Knowing his health-care audience is highly skeptical of anything that seems like marketing, though, Paul Horstmeier realized a traditional lead-gen approach wouldn’t work. Instead, he tore down every email gate except the ones that serve a helpful purpose for visitors.
I love this way of thinking about gated content – it simplifies the decision and puts the audience first. Paul and the team only gate content when registration enables Health Catalyst to provide something (other than the content piece) the audience would want. For example, a person registering for a webinar needs to receive reminders and sign-in instructions – entering an email address makes that possible. Similarly, trading an email address for one of Health Catalyst’s regularly updated e-books allows the reader to receive email notifications of the latest version.

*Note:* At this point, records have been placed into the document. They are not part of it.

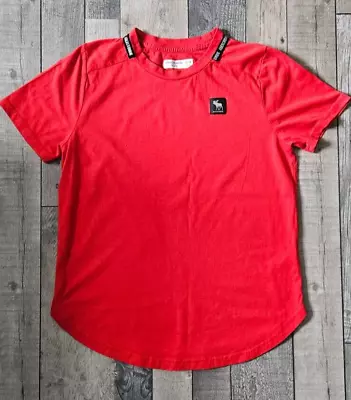 Abercrombie Kids Shirt Boy 15/16 Red Short Sleeve Moose Logo • £5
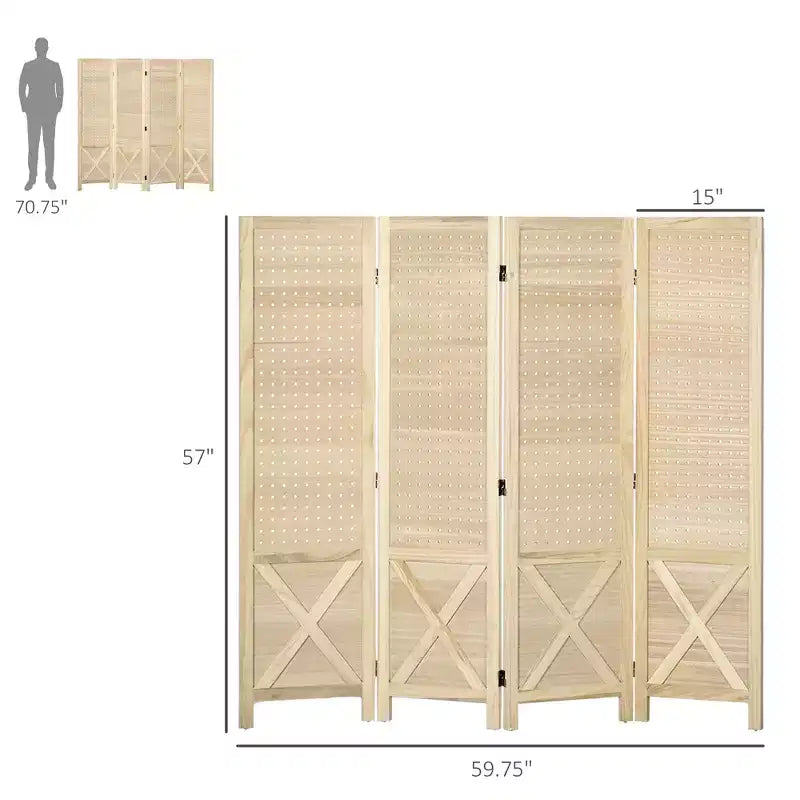Séparateur de pièce en bois à 4 panneaux de 1,45 m avec présentoir perforé, paravent pliant pour bureau à domicile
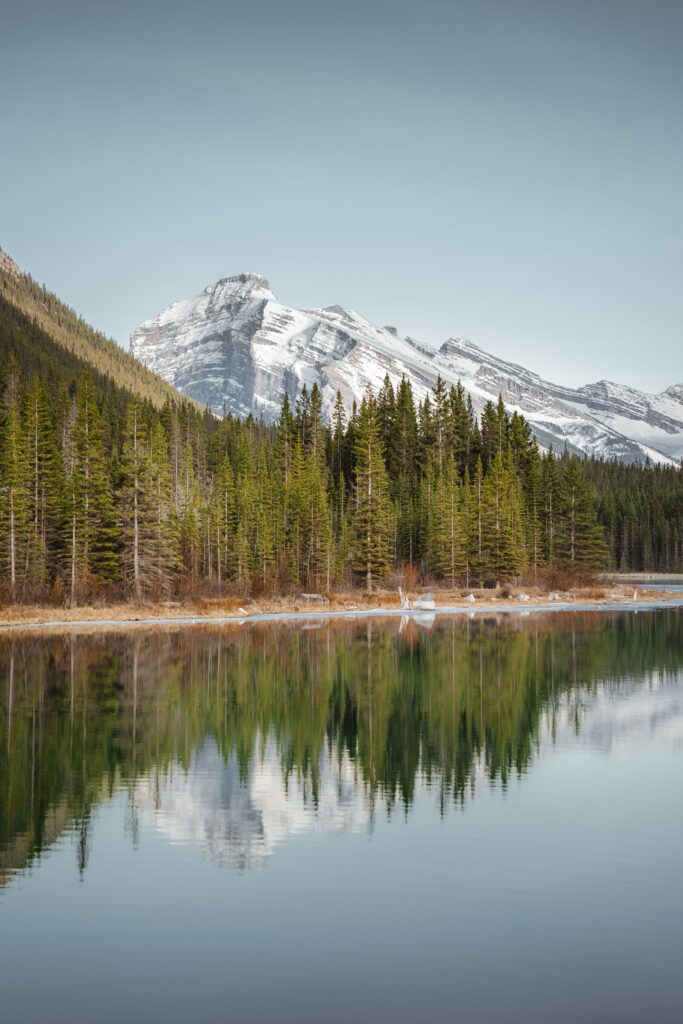 Serene mountain landscape with snow-capped peaks reflected in a calm lake and pine forest Wallpaper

Ask yourself: Does this gated content benefit our audience? (Hint: Sales outreach following a content download likely isn’t an audience benefit unless the person asked to be contacted.)
Use pop-ups to offer reading suggestions
Stolen from: Paul Horstmeier, Health Catalyst
When you’re not pushing sign-ups, surprising things can happen. This second idea stolen from Paul comes with a great payoff: Use the oft-derided pop-up to offer content suggestions rather than to gather email addresses.
Health Catalyst content creators are required to list five existing content pieces related to the newly created content – it’s a step in the pre-publication workflow. That way, every new piece can point the audience to more content that may be useful.
Does it take longer to build an email list this way? Possibly. But when you get comments like this from your head of sales (as Paul did), you know you’re doing things right:
I don’t know what you’re doing, but something is different. People are coming to the first meeting ready and prepared. I’ve never seen anything like it.
Ask yourself: How can we help our visitors consuming their first piece of content find more information about what they’re interested in?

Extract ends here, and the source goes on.